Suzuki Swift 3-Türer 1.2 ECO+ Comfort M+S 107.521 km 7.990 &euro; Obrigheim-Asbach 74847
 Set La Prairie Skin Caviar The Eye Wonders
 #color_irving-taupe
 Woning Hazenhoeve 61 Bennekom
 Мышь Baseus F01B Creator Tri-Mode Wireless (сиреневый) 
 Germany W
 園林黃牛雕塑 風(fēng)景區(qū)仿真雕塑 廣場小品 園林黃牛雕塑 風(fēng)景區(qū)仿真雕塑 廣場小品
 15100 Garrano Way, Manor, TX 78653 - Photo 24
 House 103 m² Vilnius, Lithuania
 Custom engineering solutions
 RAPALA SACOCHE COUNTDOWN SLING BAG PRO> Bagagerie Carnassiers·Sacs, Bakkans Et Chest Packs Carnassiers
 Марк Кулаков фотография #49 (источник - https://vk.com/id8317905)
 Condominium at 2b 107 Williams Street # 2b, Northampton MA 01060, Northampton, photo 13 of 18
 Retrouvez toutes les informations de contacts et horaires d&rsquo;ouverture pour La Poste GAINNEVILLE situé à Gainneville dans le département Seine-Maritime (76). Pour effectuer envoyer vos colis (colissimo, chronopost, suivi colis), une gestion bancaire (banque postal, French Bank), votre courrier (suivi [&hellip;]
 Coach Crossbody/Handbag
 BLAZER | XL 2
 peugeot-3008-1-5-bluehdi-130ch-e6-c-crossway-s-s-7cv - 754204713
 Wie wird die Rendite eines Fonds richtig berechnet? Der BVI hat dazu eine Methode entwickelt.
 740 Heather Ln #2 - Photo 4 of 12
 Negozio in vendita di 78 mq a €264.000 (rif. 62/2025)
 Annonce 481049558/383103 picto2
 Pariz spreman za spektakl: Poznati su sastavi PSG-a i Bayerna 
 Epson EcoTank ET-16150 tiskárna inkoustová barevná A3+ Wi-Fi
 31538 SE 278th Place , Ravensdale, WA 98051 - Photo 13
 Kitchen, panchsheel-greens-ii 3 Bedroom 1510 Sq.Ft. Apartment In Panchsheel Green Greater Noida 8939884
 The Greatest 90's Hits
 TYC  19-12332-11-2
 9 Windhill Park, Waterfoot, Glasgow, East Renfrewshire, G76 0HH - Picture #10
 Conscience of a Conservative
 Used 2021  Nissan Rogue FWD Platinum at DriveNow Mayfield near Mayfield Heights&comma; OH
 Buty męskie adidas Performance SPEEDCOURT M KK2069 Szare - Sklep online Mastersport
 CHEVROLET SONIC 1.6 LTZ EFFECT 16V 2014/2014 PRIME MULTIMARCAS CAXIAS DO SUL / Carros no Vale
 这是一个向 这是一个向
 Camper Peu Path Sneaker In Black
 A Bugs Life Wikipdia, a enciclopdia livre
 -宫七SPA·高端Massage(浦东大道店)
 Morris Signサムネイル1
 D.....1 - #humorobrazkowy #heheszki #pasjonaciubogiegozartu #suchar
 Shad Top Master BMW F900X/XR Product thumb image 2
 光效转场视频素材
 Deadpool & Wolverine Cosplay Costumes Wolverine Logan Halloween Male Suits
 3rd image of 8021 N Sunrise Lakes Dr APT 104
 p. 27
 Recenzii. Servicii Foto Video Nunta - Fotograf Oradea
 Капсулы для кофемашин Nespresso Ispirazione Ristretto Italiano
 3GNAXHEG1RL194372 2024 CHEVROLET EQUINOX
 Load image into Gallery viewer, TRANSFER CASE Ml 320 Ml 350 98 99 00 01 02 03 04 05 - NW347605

▶ What this task involves: Write the lines out again exactly, beginning at the line that contains "这是一个向 这是一个向" and stopping only at the final line of the listing above.

▶ Answer to the problem:
 这是一个向 这是一个向
 Camper Peu Path Sneaker In Black
 A Bugs Life Wikipdia, a enciclopdia livre
 -宫七SPA·高端Massage(浦东大道店)
 Morris Signサムネイル1
 D.....1 - #humorobrazkowy #heheszki #pasjonaciubogiegozartu #suchar
 Shad Top Master BMW F900X/XR Product thumb image 2
 光效转场视频素材
 Deadpool & Wolverine Cosplay Costumes Wolverine Logan Halloween Male Suits
 3rd image of 8021 N Sunrise Lakes Dr APT 104
 p. 27
 Recenzii. Servicii Foto Video Nunta - Fotograf Oradea
 Капсулы для кофемашин Nespresso Ispirazione Ristretto Italiano
 3GNAXHEG1RL194372 2024 CHEVROLET EQUINOX
 Load image into Gallery viewer, TRANSFER CASE Ml 320 Ml 350 98 99 00 01 02 03 04 05 - NW347605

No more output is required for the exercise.